定期(PushPullInterval)調用pushPull來隨機執行一次完整的狀態交互。但由於pushPull會與其他節點同步本節點的所有狀態,因此代價也比較大。

EventDelegate

僅用於接收成員的joining 和leaving通知,可以用於更新本地的成員狀態信息。

type EventDelegate interface {
	// NotifyJoin is invoked when a node is detected to have joined.
	// The Node argument must not be modified.
	NotifyJoin(*Node)

	// NotifyLeave is invoked when a node is detected to have left.
	// The Node argument must not be modified.
	NotifyLeave(*Node)

	// NotifyUpdate is invoked when a node is detected to have
	// updated, usually involving the meta data. The Node argument
	// must not be modified.
	NotifyUpdate(*Node)
}

ChannelEventDelegate實現了簡單的EventDelegate接口:

type ChannelEventDelegate struct {
  Ch chan<- NodeEvent
}

ConflictDelegate

用於通知某個client在執行join時產生了命名衝突。通常是因爲兩個client配置了相同的名稱,但使用了不同的地址。可以用於統計錯誤信息。

type ConflictDelegate interface {
	// NotifyConflict is invoked when a name conflict is detected
	NotifyConflict(existing, other *Node)
}

MergeDelegate

在集羣執行merge操作時調用。NotifyMerge方法的參數peers提供了對端成員信息。可以不實現該接口。

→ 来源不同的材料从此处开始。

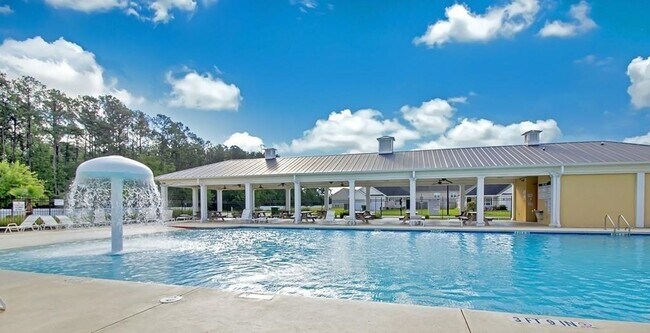 Building Photo - 4 Bed/2.5 Bath in Richmond Hill!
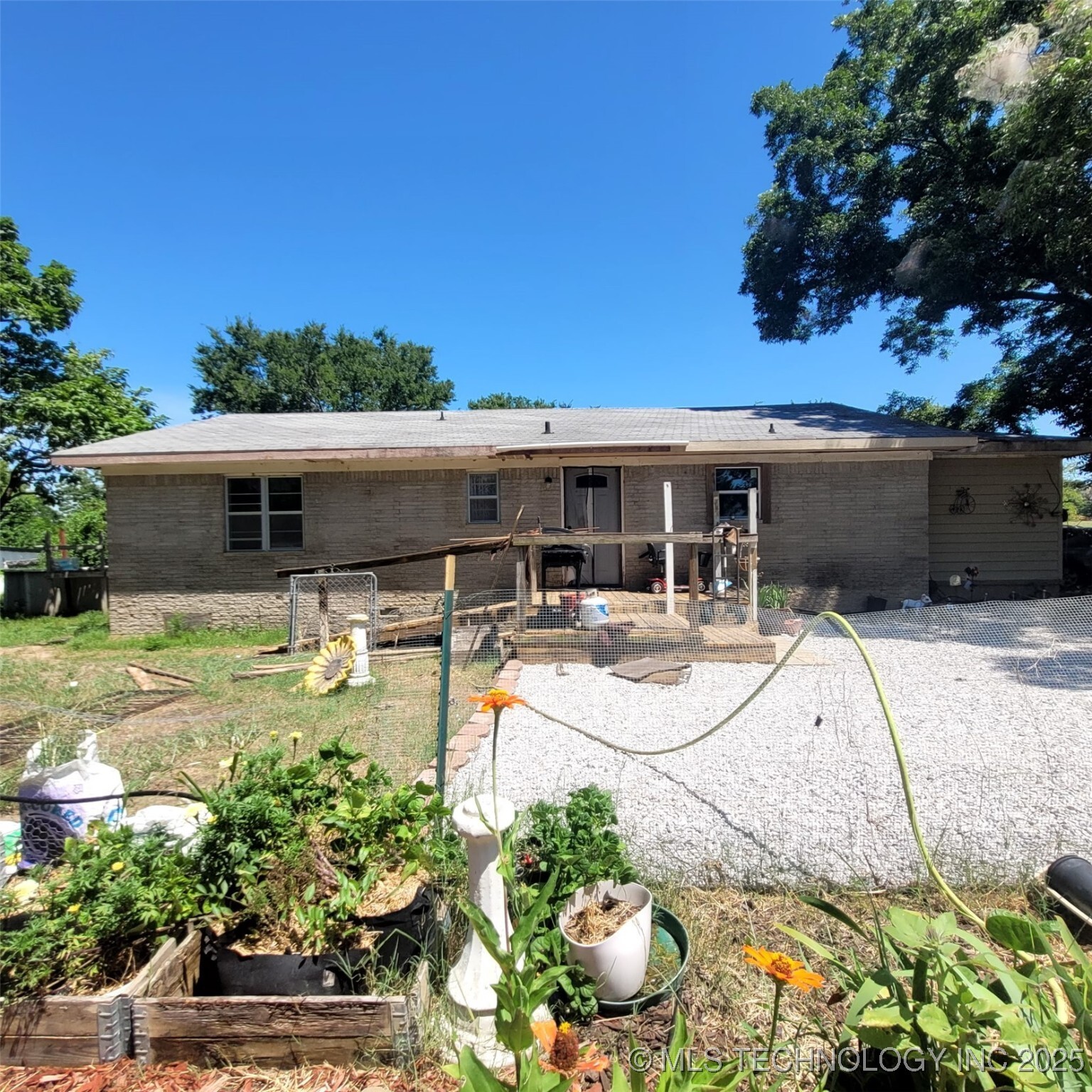 Property Photo: 407325 Highway 266 OK 74428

type MergeDelegate interface {
	// NotifyMerge is invoked when a merge could take place.
	// Provides a list of the nodes known by the peer. If
	// the return value is non-nil, the merge is canceled.
	NotifyMerge(peers []*Node) error
}

PingDelegate

用於通知觀察者完成一個ping消息(pingMsg)要花費多長時間。可以在NotifyPingComplete中(使用histogram)統計ping的執行時間。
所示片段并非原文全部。